There are moments when we think we know where the story is going, but then we will be surprised. The building of tension and its release, sometimes by the narrative flowing into the life of another member of this family, these several siblings and parents whose stories retell events from different perspectives, redefining the idea of narrative and story by exposing how what really happened is unknowable because what we think happened is more important.
There is so much depth to this novel that it is hard to understand how she got it into a little over 300 pages. There are so many lives whose stories are told, sometimes directly, sometimes obliquely. There is so much of the artistry of writing on display as well. For example, oranges are almost totemic, appearing again and again. Trees, blossoms, slices, juice, and cocktails, oranges are everywhere. Then, the structure of the novel, set off by parties at the beginning and the end, Franny’s Christening Party that introduced Bert and Beverly to each other, fracturing their families and Beverly’s Christmas Eve Party that Franny attended, a night that sparked her memories of what she lost and what she gained from her summer siblings and stepfather.

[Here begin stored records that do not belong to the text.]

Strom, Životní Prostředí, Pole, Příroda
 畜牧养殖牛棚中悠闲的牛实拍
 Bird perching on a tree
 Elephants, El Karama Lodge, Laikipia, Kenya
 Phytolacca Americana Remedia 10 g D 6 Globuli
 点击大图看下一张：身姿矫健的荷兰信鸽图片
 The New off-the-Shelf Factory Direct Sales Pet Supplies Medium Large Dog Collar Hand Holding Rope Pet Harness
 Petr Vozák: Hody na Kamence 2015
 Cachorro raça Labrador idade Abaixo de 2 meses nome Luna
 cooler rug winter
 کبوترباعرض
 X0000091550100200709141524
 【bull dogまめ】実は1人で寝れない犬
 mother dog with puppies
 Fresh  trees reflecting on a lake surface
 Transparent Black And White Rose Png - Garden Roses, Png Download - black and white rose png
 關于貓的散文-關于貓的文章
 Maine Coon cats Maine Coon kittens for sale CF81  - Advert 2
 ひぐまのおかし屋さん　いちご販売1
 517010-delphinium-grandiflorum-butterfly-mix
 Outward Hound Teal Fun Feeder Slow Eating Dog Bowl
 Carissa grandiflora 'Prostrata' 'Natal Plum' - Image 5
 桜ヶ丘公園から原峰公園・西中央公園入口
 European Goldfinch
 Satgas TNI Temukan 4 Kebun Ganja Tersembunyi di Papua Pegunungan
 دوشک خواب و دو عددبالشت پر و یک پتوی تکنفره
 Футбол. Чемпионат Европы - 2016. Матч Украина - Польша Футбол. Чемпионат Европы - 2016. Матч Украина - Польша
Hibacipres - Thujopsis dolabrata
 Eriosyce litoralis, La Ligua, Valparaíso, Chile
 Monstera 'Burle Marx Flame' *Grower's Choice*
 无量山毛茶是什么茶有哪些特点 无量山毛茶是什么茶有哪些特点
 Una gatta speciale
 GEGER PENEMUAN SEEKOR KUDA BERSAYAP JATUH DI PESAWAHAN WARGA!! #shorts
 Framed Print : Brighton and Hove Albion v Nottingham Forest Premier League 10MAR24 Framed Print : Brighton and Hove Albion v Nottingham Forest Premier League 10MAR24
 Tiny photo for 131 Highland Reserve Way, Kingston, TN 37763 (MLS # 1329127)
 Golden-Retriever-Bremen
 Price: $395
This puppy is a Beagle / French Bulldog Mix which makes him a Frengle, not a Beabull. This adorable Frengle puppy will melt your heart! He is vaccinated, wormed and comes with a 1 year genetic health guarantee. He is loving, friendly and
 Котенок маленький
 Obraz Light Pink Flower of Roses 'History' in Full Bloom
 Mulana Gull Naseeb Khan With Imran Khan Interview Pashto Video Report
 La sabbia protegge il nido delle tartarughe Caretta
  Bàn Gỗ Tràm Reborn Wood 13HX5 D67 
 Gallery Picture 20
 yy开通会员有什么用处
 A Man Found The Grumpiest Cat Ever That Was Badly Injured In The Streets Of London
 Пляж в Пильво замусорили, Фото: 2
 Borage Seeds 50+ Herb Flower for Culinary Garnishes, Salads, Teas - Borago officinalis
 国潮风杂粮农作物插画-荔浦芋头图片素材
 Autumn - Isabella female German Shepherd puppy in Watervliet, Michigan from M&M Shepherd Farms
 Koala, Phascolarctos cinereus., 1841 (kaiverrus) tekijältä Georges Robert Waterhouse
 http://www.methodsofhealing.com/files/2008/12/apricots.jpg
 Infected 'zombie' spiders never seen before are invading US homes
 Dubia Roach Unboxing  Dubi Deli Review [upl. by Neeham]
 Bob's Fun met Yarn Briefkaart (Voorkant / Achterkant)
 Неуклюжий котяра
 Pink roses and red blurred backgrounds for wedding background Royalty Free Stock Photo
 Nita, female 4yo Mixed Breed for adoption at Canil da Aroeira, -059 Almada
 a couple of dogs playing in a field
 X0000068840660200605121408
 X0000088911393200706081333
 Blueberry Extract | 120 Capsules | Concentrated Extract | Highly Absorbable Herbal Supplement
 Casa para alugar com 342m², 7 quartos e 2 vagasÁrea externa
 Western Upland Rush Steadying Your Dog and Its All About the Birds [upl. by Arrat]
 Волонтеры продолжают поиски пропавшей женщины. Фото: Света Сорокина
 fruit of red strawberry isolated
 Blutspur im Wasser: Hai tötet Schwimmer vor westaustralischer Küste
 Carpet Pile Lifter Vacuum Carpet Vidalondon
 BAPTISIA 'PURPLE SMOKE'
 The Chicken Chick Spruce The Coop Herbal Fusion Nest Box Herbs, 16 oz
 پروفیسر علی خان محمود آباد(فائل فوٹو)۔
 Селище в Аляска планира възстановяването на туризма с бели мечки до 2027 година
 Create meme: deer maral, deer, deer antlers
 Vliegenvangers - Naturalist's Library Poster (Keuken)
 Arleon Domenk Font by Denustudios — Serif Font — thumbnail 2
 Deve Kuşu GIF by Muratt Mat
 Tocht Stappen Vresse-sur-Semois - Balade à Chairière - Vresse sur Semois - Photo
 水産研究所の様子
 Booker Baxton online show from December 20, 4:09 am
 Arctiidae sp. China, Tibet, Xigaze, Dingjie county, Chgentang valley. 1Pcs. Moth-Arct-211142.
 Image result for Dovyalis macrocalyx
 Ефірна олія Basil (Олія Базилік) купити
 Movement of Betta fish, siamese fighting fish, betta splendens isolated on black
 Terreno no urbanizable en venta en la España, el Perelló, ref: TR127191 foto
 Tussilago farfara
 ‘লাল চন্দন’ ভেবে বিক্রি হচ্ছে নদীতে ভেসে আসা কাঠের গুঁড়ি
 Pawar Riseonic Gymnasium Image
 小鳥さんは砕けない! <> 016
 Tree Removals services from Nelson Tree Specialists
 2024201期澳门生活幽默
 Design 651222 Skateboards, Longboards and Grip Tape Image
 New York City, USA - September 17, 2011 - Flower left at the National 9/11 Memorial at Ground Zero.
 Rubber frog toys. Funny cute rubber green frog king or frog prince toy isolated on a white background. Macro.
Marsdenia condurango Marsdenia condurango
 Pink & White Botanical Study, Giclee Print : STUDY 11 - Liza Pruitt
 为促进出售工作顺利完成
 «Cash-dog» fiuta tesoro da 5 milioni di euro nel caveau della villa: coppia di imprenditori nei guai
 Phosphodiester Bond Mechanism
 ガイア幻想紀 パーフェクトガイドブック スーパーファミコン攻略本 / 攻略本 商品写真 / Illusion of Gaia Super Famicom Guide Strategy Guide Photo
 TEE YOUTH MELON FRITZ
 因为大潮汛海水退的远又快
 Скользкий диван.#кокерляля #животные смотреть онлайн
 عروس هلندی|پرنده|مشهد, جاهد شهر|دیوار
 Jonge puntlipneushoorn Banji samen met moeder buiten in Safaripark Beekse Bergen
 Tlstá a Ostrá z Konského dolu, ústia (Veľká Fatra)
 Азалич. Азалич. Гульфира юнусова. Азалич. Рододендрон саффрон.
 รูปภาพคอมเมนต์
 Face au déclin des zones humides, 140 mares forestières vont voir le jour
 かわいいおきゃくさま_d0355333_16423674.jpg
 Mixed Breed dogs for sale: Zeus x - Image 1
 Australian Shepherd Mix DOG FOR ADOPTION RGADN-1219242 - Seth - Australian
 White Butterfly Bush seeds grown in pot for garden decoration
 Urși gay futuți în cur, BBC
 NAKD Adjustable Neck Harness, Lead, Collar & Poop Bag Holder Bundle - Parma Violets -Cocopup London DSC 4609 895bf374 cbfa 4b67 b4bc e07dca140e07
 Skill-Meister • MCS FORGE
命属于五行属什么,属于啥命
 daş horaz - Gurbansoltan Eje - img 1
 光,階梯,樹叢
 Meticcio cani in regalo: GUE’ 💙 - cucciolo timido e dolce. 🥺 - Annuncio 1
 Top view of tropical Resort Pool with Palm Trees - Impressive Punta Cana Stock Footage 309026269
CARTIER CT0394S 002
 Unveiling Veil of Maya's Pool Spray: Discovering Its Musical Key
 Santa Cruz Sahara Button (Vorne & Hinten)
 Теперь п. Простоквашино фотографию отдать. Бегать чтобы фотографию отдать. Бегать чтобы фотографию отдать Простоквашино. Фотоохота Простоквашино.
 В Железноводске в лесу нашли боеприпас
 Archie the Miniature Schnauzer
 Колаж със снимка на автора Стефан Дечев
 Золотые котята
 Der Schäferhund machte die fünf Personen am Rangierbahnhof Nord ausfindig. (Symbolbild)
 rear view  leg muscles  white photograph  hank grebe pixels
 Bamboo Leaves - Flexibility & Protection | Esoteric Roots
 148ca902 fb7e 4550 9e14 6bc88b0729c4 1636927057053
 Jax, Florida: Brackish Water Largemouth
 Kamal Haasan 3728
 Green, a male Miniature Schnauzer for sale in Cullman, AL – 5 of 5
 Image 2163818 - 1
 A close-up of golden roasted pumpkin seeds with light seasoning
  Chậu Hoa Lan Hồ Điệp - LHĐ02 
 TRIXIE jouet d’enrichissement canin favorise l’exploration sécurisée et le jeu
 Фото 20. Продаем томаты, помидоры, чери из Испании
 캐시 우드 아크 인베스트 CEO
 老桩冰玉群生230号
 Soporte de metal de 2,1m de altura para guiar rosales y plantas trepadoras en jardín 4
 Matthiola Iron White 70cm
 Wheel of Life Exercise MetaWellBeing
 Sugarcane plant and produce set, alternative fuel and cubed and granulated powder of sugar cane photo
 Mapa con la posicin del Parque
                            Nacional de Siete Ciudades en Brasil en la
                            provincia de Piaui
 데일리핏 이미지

I loved this book. The story is quite ordinary, really. There are so many families who are amalgams of broken marriages, families who shift boundaries throughout the year. Summer siblings and winter strangers. Even stranger, these step-siblings share one parent while the other parent is almost always unknown, unseen, a mystery. The modern family is often a assemblage of moving parts and Patchett captures this reality beautifully.
The real magic though is how her stories flow. Our window into the family story changes as the narrative focuses on this parent, that child or the other child without sharp divisions. It is almost magical how smoothly the narrative may go from an event that seems to close out one character’s story to smoothly retelling events years early that make that person the center of the narrative for a time. The story goes from person to person, past to present and past again, but with such natural shifts that it feels like a stream of many consciousnesses. Streaming consciousness is something Patchett does well and there is a scene of someone trying to meditate for the first time that is all-too-real and so very funny.
There is a logical or factual flaw that annoyed me. One of the children suffered from allergies and always carried Benadryl in case of exposure. Benadryl just does not work fast enough and is not effective enough. With a serious allergy, at that time, he would have carried an epinephrine inhaler. In the story, he relied on Benadryl and they had epinephrine and a syringe that had been left at home. Auto-injectors had been invented, but were not approved for sale. It’s a small thing, but an annoying weakness in the story.
This is a story of family, and families are sometimes funny, sometimes annoying, sometimes tragic and heartbreaking. But as with most families, it is full of love at the foundation.